Economic Peace, Only For Settlers
Before rising to the office of Prime Minister (again) and finally endorsing a Palestinian state, then-Likud Charmian Benjamin Netanyahu laid out an alternative to all those hairy issues of ending the occupation: make the Palestinian economy better. But the plan, known as "economic peace," has run into an ironic roadblock: the occupation.
A report released by the World Bank yesterday warns of the impending Palestinian Authority fiscal crisis and placed some of the blame for slow economic growth on Israel. "[R]estrictions put in place by the Government of Israel continue to stand in the way of potential private investment," said the report, "and remain the major impediment to sustainable economic growth."
The report was most scathing when it came to the Oslo-era division of the West Bank into Areas A, B and C. Area A, only a small portion of the territory that contains most of the population centers, is under full PA control.

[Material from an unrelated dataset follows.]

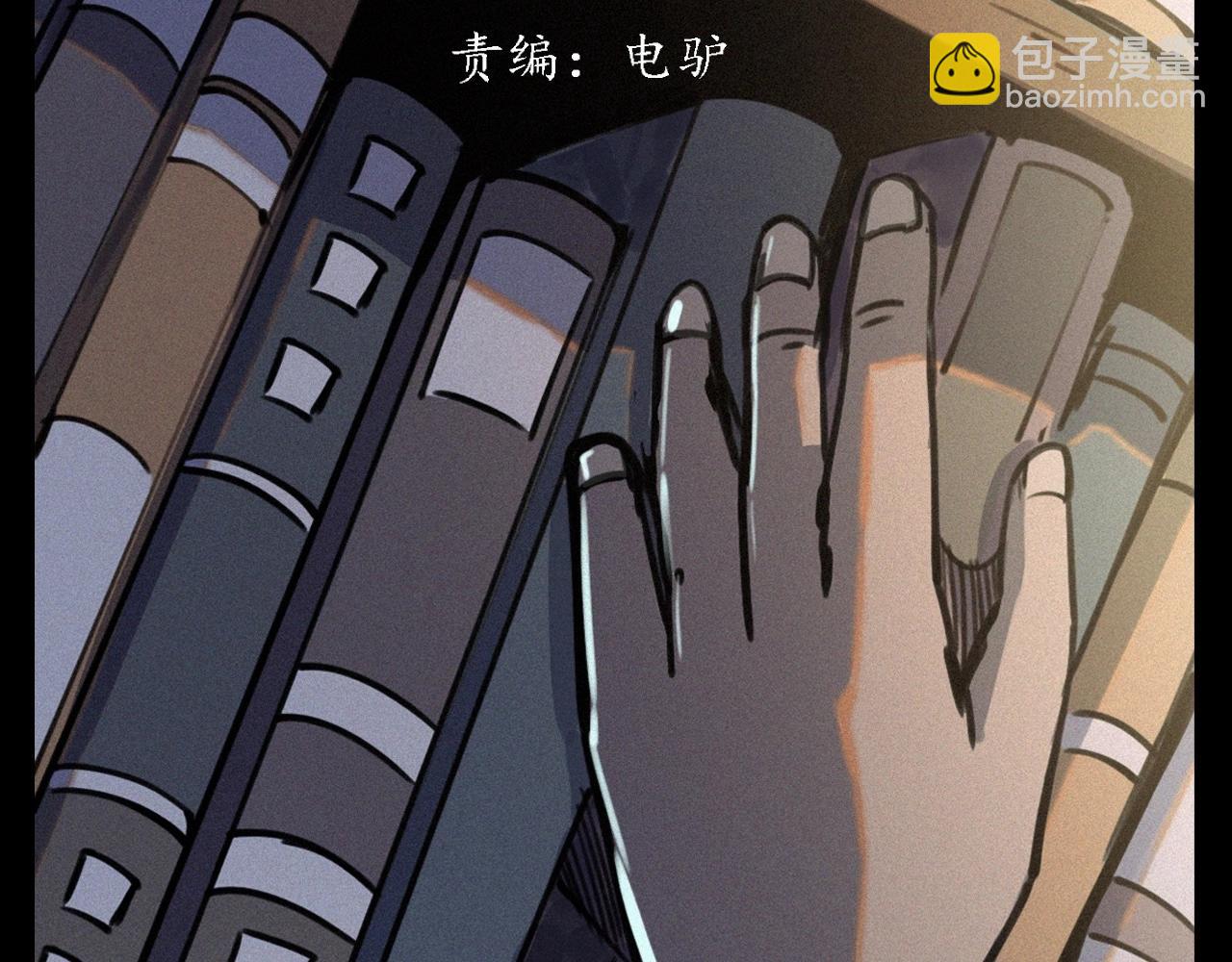 🍛枪爷异闻录 第382话 图书馆 第3页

Area C is administered completely by Israel, and Palestinian economic development in that land—nearly two thirds of the West Bank (see map below)—are "almost impossible" due to restrictions, yet necessary for Palestine to reach its economic potential:
Most notably, the continued geographical fragmentation of Area C (envisaged under the Oslo Accords as a temporary arrangement), poses a binding constraint to real economic growth, essential to support the future Palestinian state. Area C's significance, as the only contiguous land in the West Bank connecting 227 separate geographical areas (A and B), is the key to economic cohesion and is the most resource abundant space in the West Bank holding the majority of the territory's water, agricultural lands, natural resources, and land reserves that provide an economic foundation for growth in key sectors of the economy.
Because of restrictions, the Palestinians have only built up a mere one percent of Area C, and even that is subject to checkpoints and an arduous permitting process.

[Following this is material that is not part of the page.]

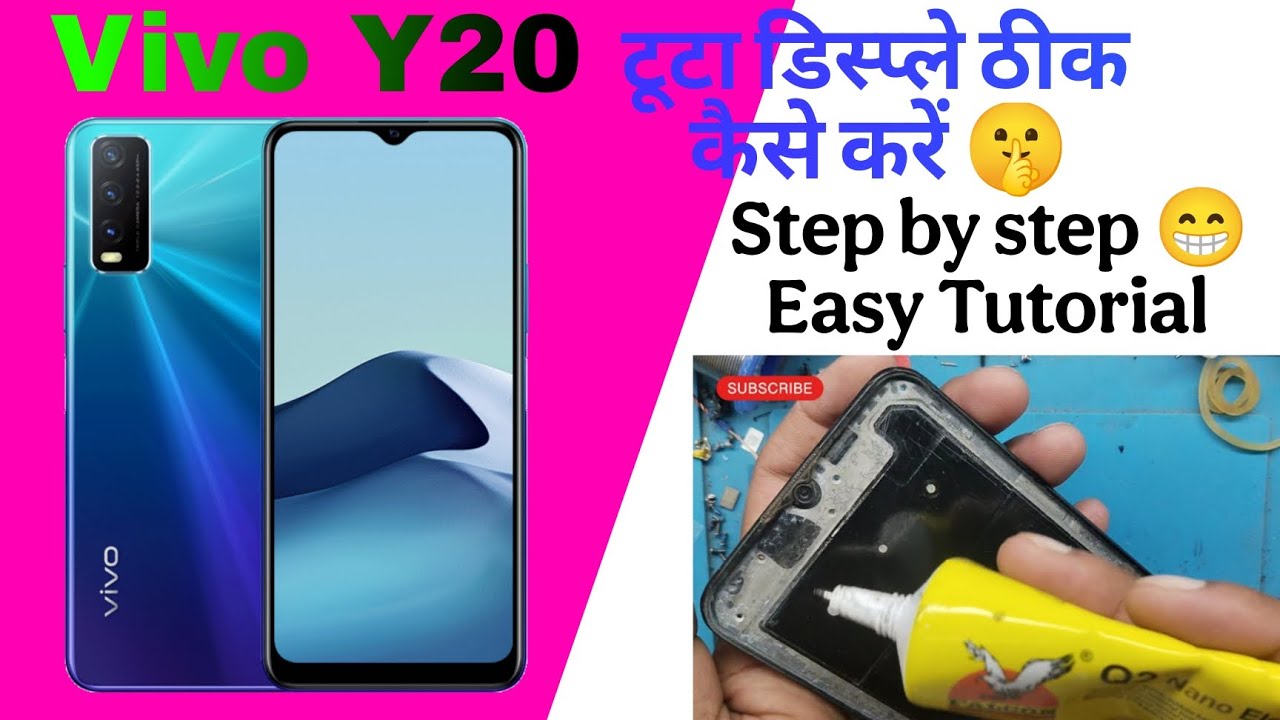 Vivo Y20 Display Change 😱 | टूटी स्क्रीन ठीक #msdservice #urbisikesan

How do we know Area C is economically viable, and even important for growth? Because the Israel settlements continue to proliferate there—on 5 percent of Area C (and growing) and exerting control over more than 40 percent of land in the West Bank (and growing)—building up both industry and agricultural production. The Israeli government estimates that the settlements generate some $300 million of business in exports to Europe. When you count products partially produced in settlements, that number, according to an analysis cited by the World Bank, can jump as high as $5.4 billion.
Area C offers the Palestinians a lot. Telecommunications networks could yield millions for companies, but they can't expand into Area C because Israel denies permits to build cell towers or fiber optic lines. Plans to develop resorts on the Dead Sea—as Jordan has—are projected to earn hundreds of billions, but the ban on foreign investment in Area C prevents the projects from getting underway. Then there's two of the most obvious uses for these wide swaths of resource rich land: housing and agriculture, but those seem to only be available to settlers.
Is the Israeli denial of Palestinian economic development on 60 percent of the West Bank the sort of factor Mitt Romney had in mind when he said "culture makes all the difference" between Israel's economic prosperity and Palestinian woes?